(Records contained in a dataset)
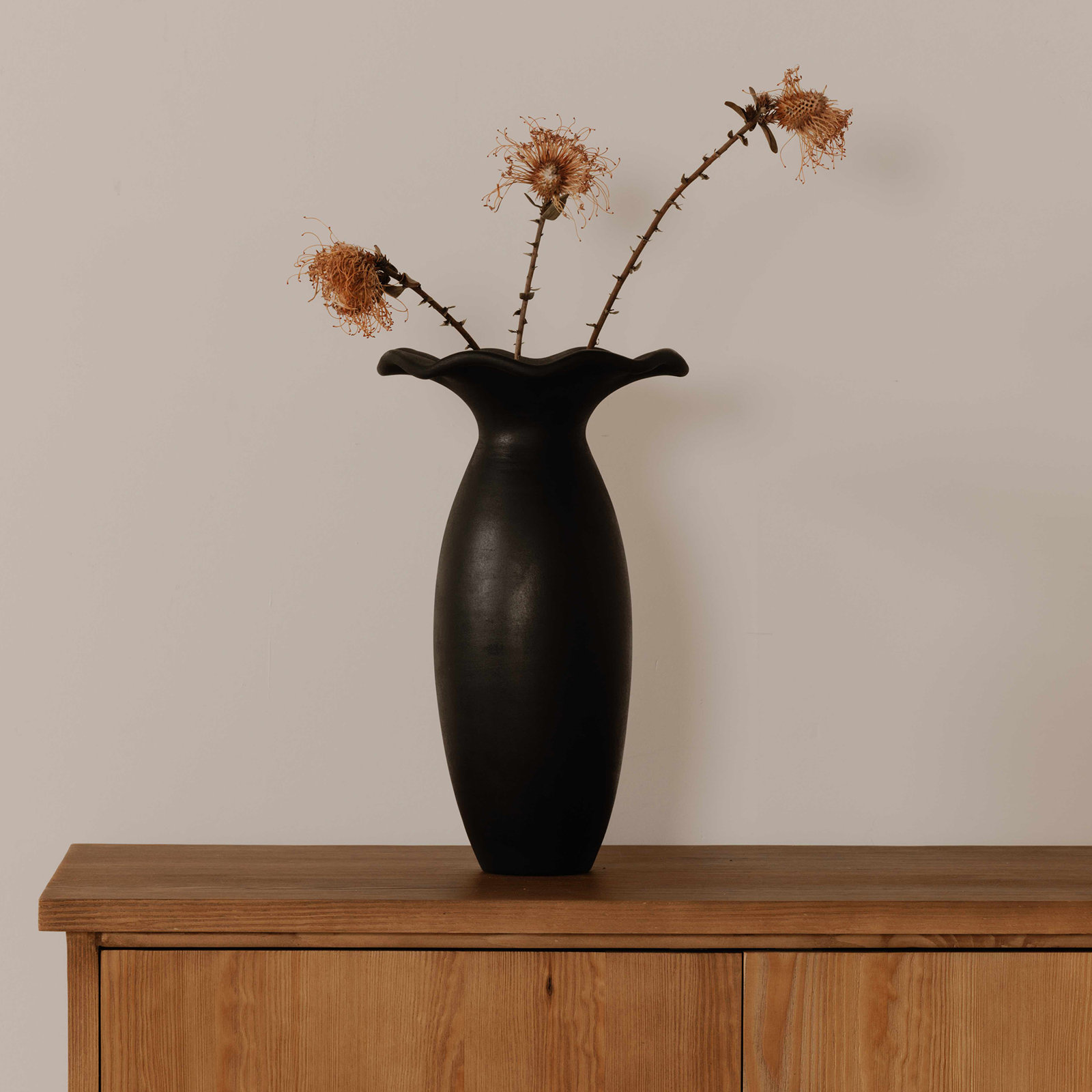 Zale 16.14'' Handmade Terracotta Table Vase, Black
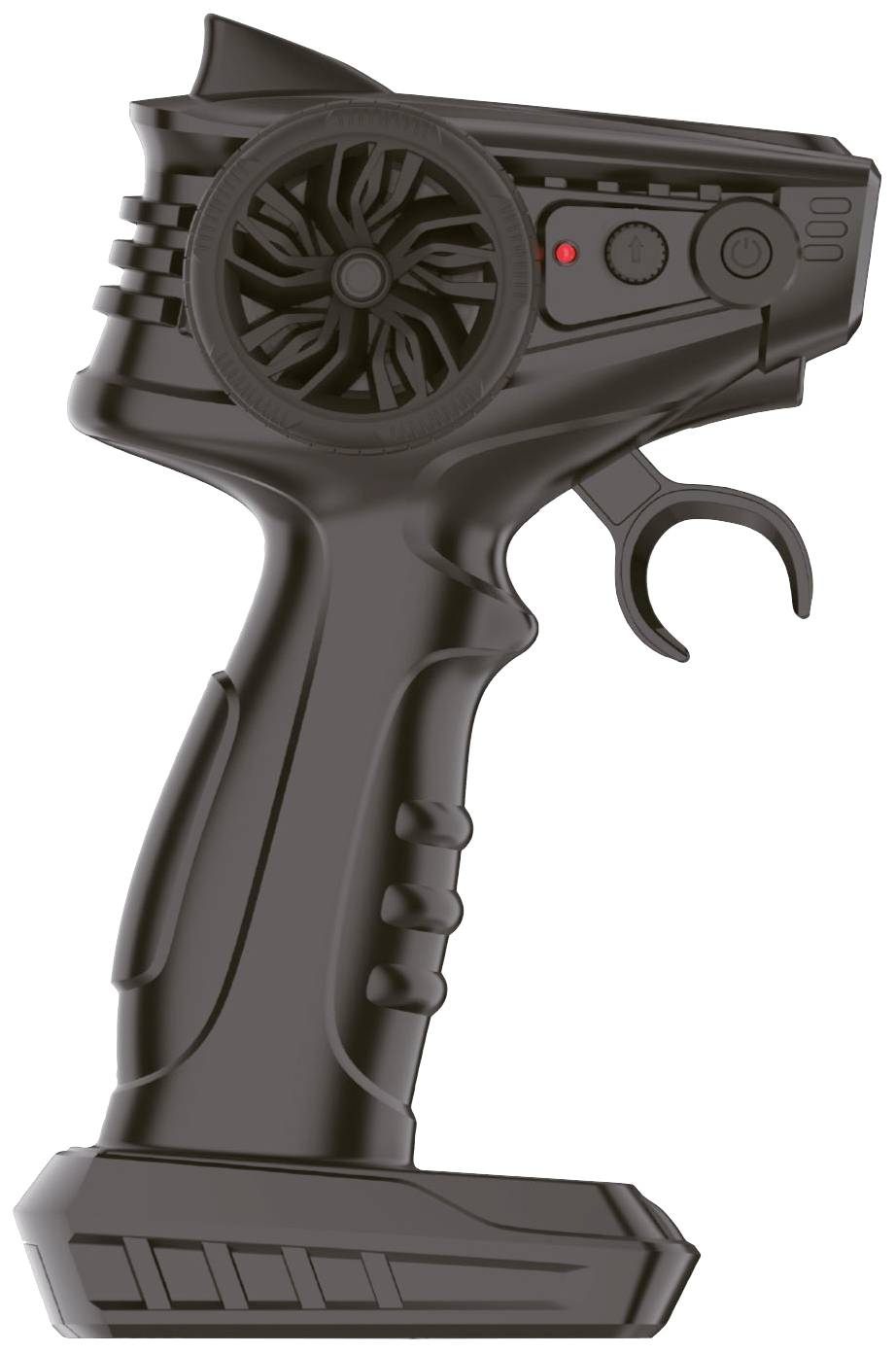 Télécommande noire avec gâchette et touches, souvent utilisée pour des modèles réduits comme des voitures ou des drones.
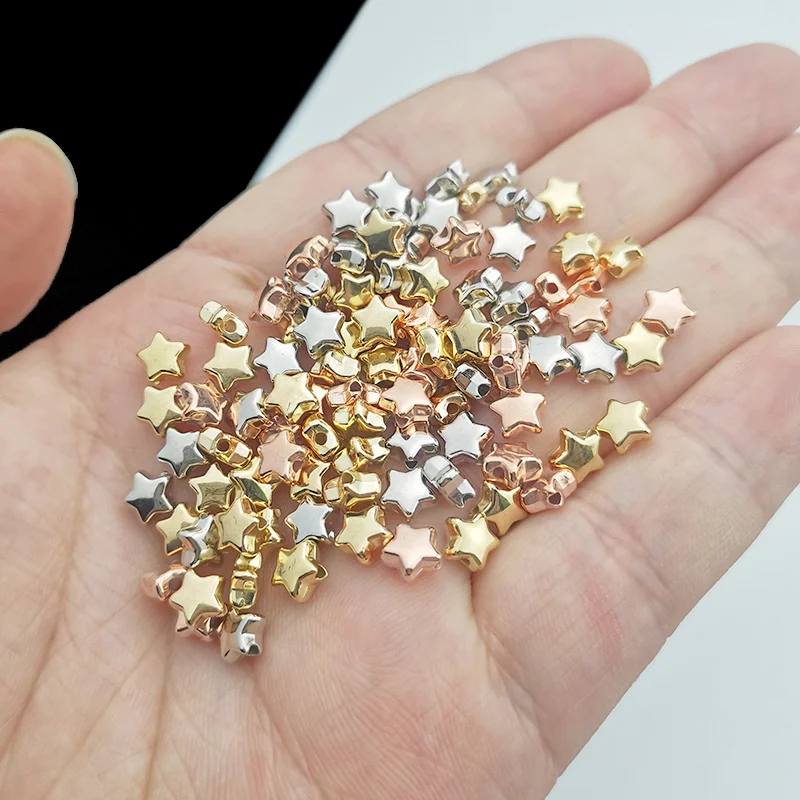 6mm 100~400pcs 별 모양 CCB 페르시 골드 실버 도금 루즈 비즈 쥬얼리 만들기 DIY 목걸이 팔찌 액세서리
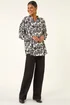 Roman Black Floral Swirl Print Collared Shirt - Size 16 Image 3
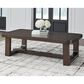 Ashley Breckington Rectangular Cocktail Table in Dark Brown, , large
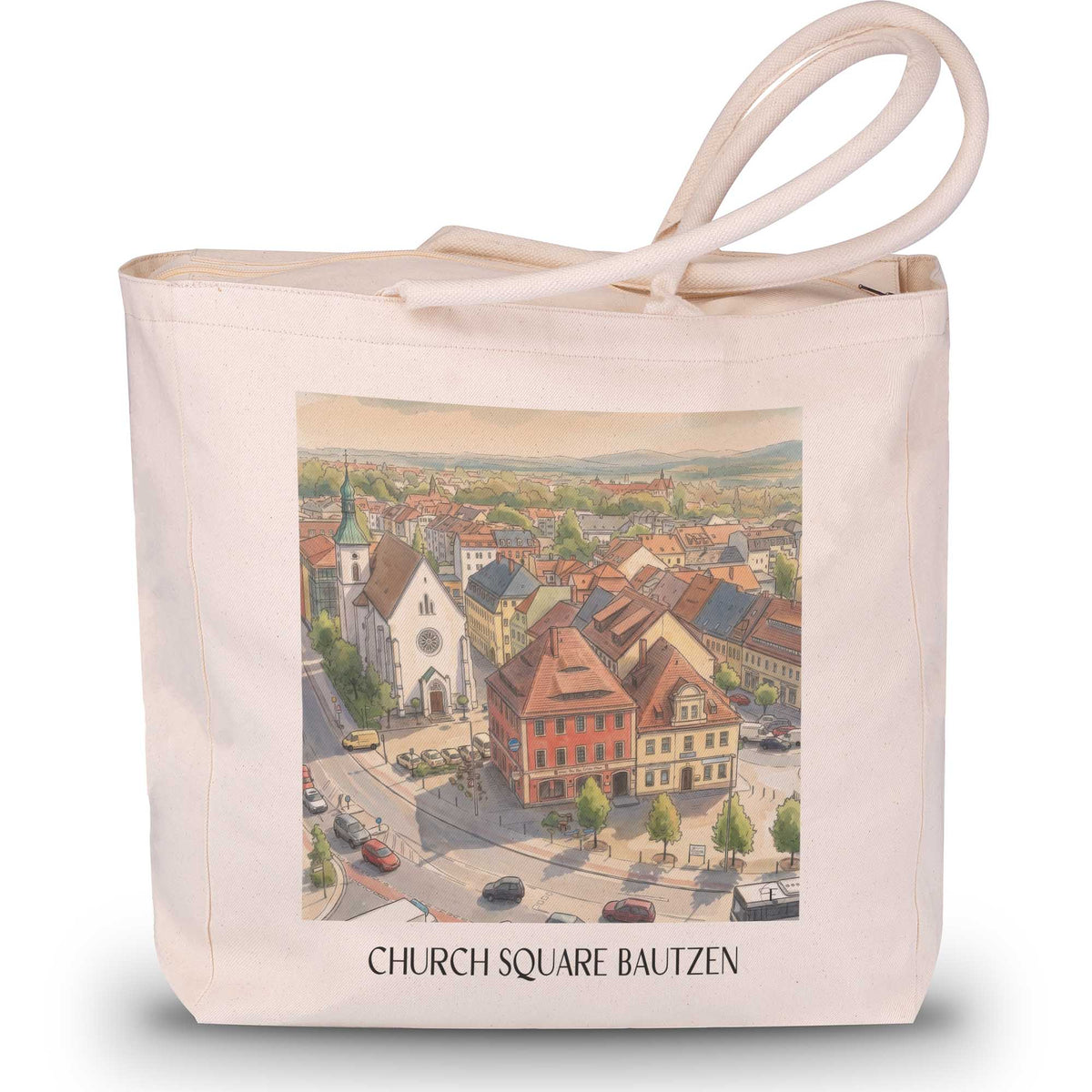 Kirchplatz Shopping Tasche - Bautzen - Deutschland Tote Bag - Einkaufstasche im Aquarell Stil - favplace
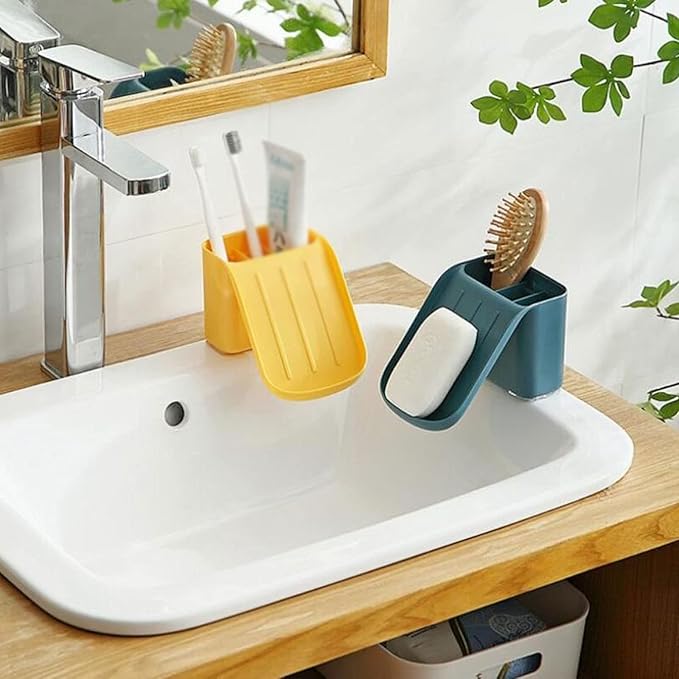 Multifunctional Soap Holder, Self adhesive Holder With Base Suction Cup, Slide Soap Holder
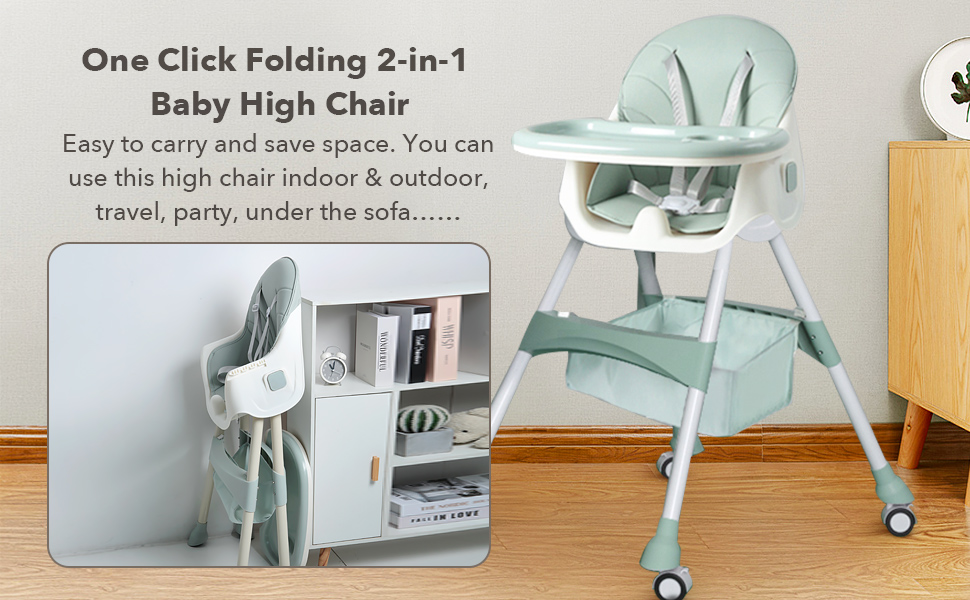 Buy MonBébé Toddler Dining Chair with Wheels, Folding Baby Feeding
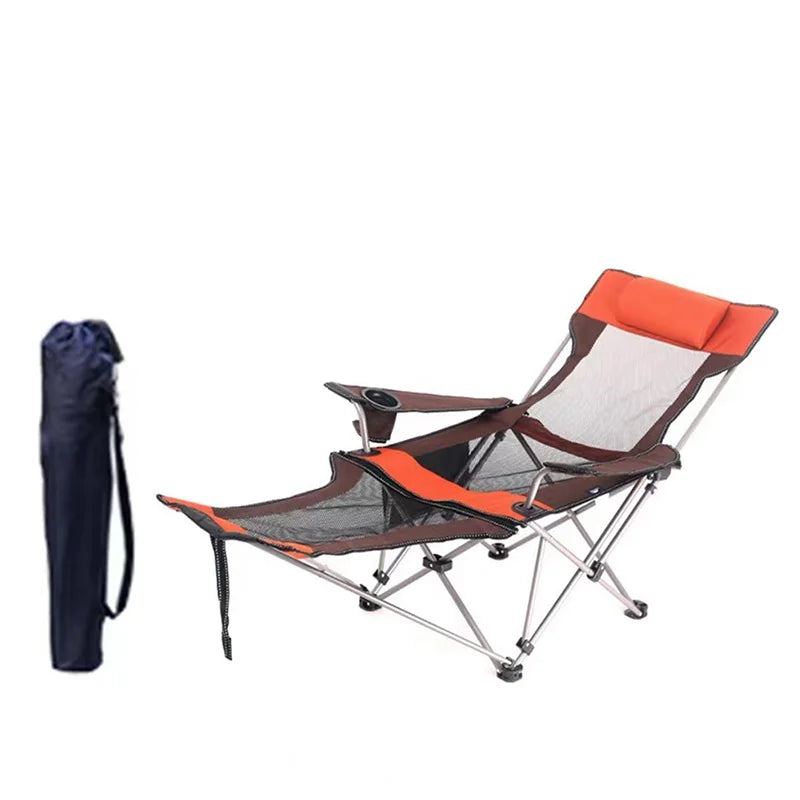 Folding Portable Camping Chair with Steel Frame and Oxford Fabric, 165x53x70cm, Weight Capacity 120-150kg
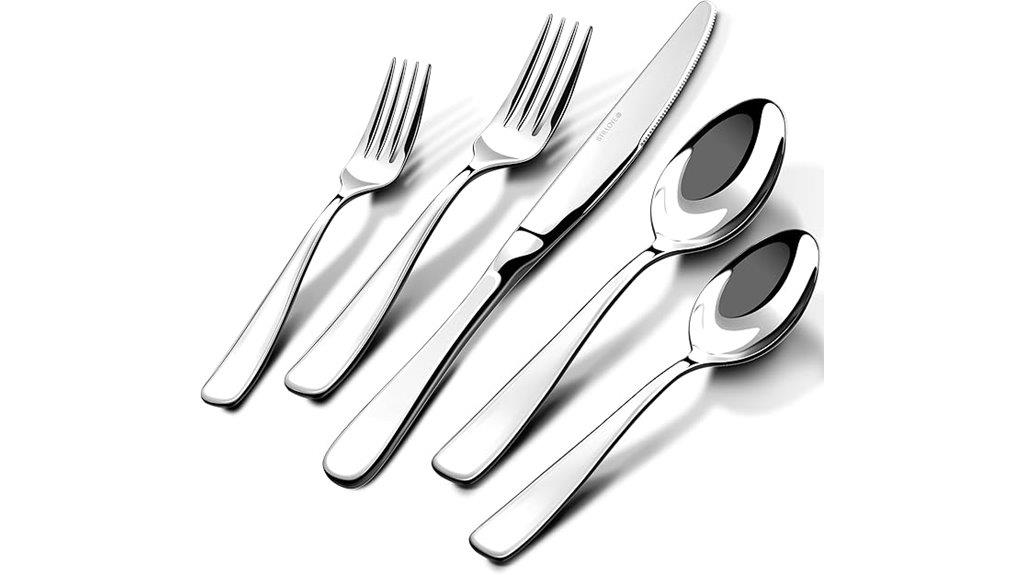 eight piece stainless flatware set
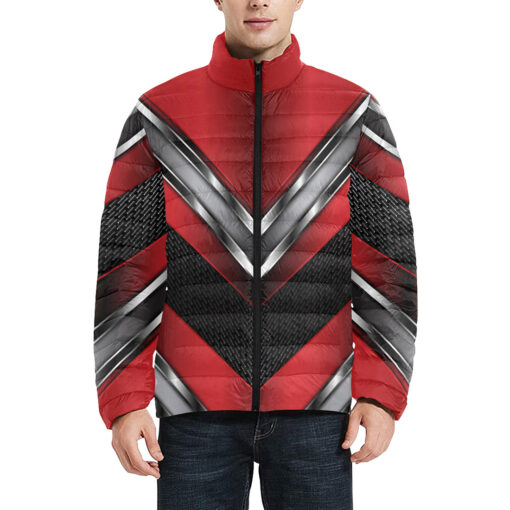 Metallic Carbon Men's Padded Jacket - Image 3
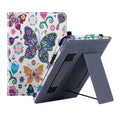 Kindle Paperwhite 11 leather protective case with integrated wrist splint bracket, shown in a selection of colour options.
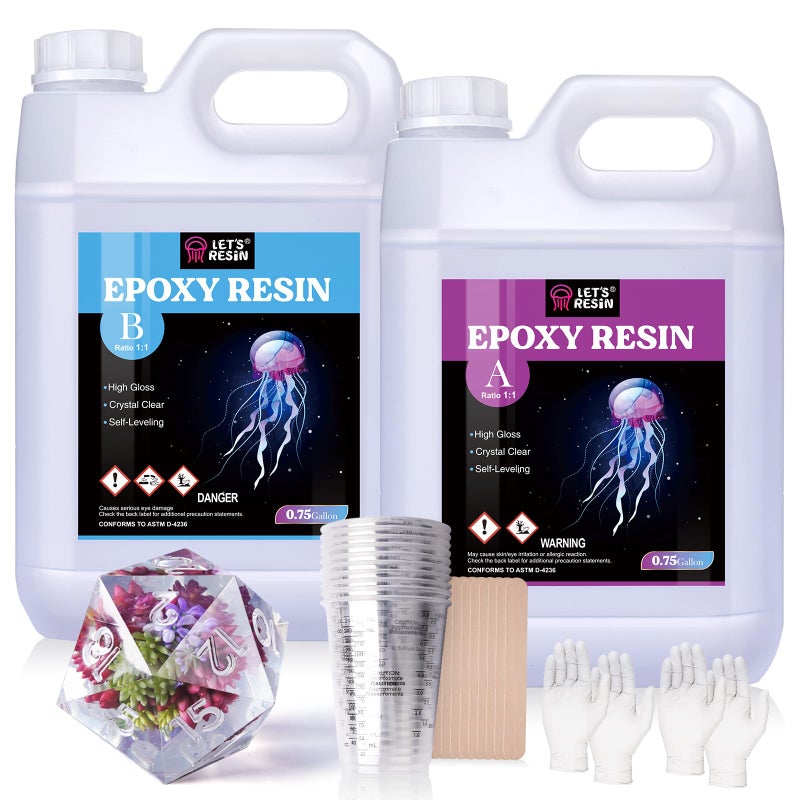 LET'S RESIN مجموعة راتنج LET'S RESIN، 1.5 جالون راتنج إبوكسي خالي من الفقاعات وشفاف كالكريستال مع أكواب قياس، عصا تحريك، قفازات، راتنج ومصلب لصب القوالب، المجوهرات، الفن، الحرف اليدوية - Image 1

== What is being asked ==
Give back exactly the lines above that run from the one with "6mm 100~400pcs 별" to the one with "Kirchplatz Shopping Tasche", including both, with the pictures left out.

== Result of this exercise ==
 6mm 100~400pcs 별 모양 CCB 페르시 골드 실버 도금 루즈 비즈 쥬얼리 만들기 DIY 목걸이 팔찌 액세서리
 Roman Black Floral Swirl Print Collared Shirt - Size 16 Image 3
 Ashley Breckington Rectangular Cocktail Table in Dark Brown, , large
 Kirchplatz Shopping Tasche - Bautzen - Deutschland Tote Bag - Einkaufstasche im Aquarell Stil - favplace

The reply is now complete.